Highlands School District is meeting students and families where they are — and that’s no metaphor
This story is one in a series created in collaboration with the AASA Learning 2025 Alliance to celebrate the work of groundbreaking school districts in the Pittsburgh region. Kidsburgh will share these stories throughout 2024.
The challenges are big. The obstacles are formidable. But when it comes to connecting with parents and truly supporting students, Highlands School District is heading down the road to success. Quite literally.
In a district where 64 percent of families are classified as socioeconomically disadvantaged, and where two large Section Eight housing units are located, Highlands is committed to meeting families where they are — and traveling directly to them to accomplish that.
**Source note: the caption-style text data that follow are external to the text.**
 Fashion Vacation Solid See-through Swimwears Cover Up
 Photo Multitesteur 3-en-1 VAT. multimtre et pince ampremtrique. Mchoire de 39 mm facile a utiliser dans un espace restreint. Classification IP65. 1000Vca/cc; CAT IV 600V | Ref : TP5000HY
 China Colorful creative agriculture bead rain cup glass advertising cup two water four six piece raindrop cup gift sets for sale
After receiving grant money through Allegheny County, Highlands partnered with a local company, ABC Transit, to create what they call the “Rams Van,” painted and named for the district’s mascot, the Golden Ram. Now, families who want to interact with the schools their children attend — but who may not have any way of getting there — have an option. In effect, it’s a school administrative office on wheels.
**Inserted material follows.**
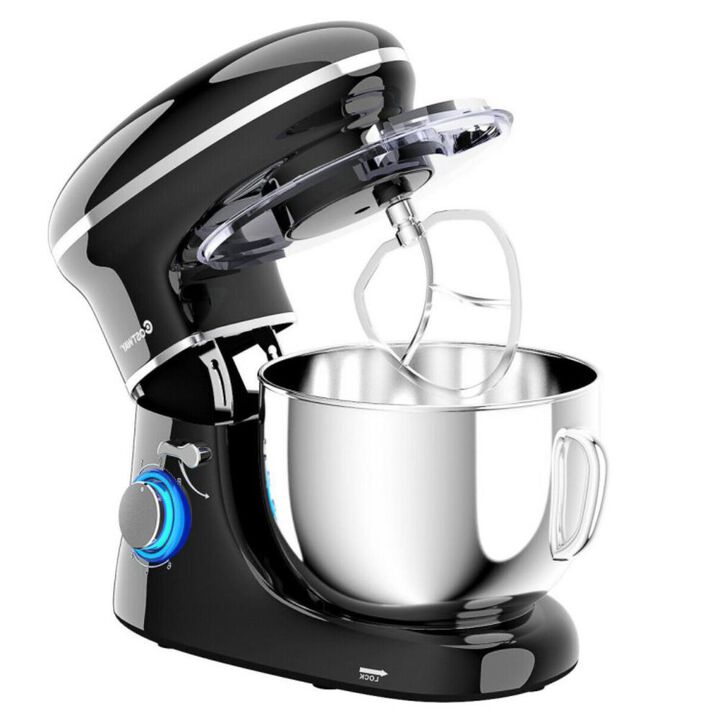 Costway  6.3 Quart Tilt-Head Food Stand Mixer 6 Speed 660W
The van’s interior is outfitted with a desk and a computer with WiFi. This summer, the van will visit neighborhoods, including the Section Eight housing and park, so that school staff can help parents enroll incoming kindergarteners and transfer students.
The Rams Van will also deliver donated clothing and hygiene products, and even backpacks stuffed with goodies for students of all ages. Repairing and delivering of school devices is also on the table — or aboard the bus, as it were.
It’s a creative solution dreamed up in a district that’s determined to elevate students’ lives.
Highlands is part of the Western Pennsylvania Learning 2025 Alliance, a regional cohort of school districts working together — with support from The Grable Foundation — to create student-centered, equity-focused, future-driven schools. Led by local superintendents and AASA, The School Superintendents Association, the Alliance convenes to help districts like Highlands do what they do best: help kids build the brightest possible future.
One key to building that thriving future, says Superintendent Monique Mawhinney, is connecting with students’ families.
“A lot of times, it’s really hard to get parent involvement because a lot of our parents don’t have transportation or they only have one vehicle. So they struggle getting to the meetings that we need them here for,” Mawhinney says. “And typically, these are kids whose attendance is really bad, or they have some significant behavioral issues. So we really were trying to find a way to expand our community outreach and focus on those families who just can’t get to us.”
Along with the Rams Van, Highlands is offering community outreach through the “Rams Dens” that have opened in each school building, which provide donated clothing, toiletries, and other necessities. Kids can go there before or after school, and in the high school they can drop by during study halls to take items they need.
And if kids can’t come in, or they feel uncomfortable?
“We know a lot of times kids may be embarrassed or they don’t want to tell us what they need. So we want to expand out into the community,” Mawhinney says. “We will take this stuff to them.”
THE LUNCH CLUB
Mawhinney is meeting kids and parents where they are. Or where she is. Or both.
She keeps two drawers full of snacks in her office, which is connected to the high school. Emails pop up regularly from kids asking, “Hey, can I come down to get a snack?” (Her answer: Yes, but not as an excuse to slip out of class.)
And you can hear her enthusiasm when she talks about what’s begun happening at lunchtime. A group of kids now routinely drop by to have their meal in her office, rather than the cafeteria.
They aren’t the athletic stars or the kids who have banked on being valedictorian since middle school. They’re simply teenagers who know they’re welcome in their district’s superintendent’s workspace. They know that as busy as she is, she’ll make time to hear what’s on their minds and what’s new in their lives.
They know they matter.
Add these initiatives together and look at it through a longer lens. It becomes clear: These efforts touch on education, community, and overall child well-being. They’re using the school as a conscious tool to stitch together the neighborhoods that make up the district — and showing every student that they’re not just cogs in some education machine.
These moments of community connection were visible during the recent launch of the Rams Van, which was unveiled at Harvest Moon, a coffee shop owned by a district parent. Predictably, people loved it.
“People who understand this area know that it’s such a need,” Mawhinney says, and Highlands is making sure to meet that need.
It all comes back to the philosophy at Highlands, where the community and its needs are helping to shape the contours of the educational system of today and tomorrow.
“We know we need to meet our families where they are,” Mawhinney says. “This is what you’re going to see throughout the community and in our neighborhoods.”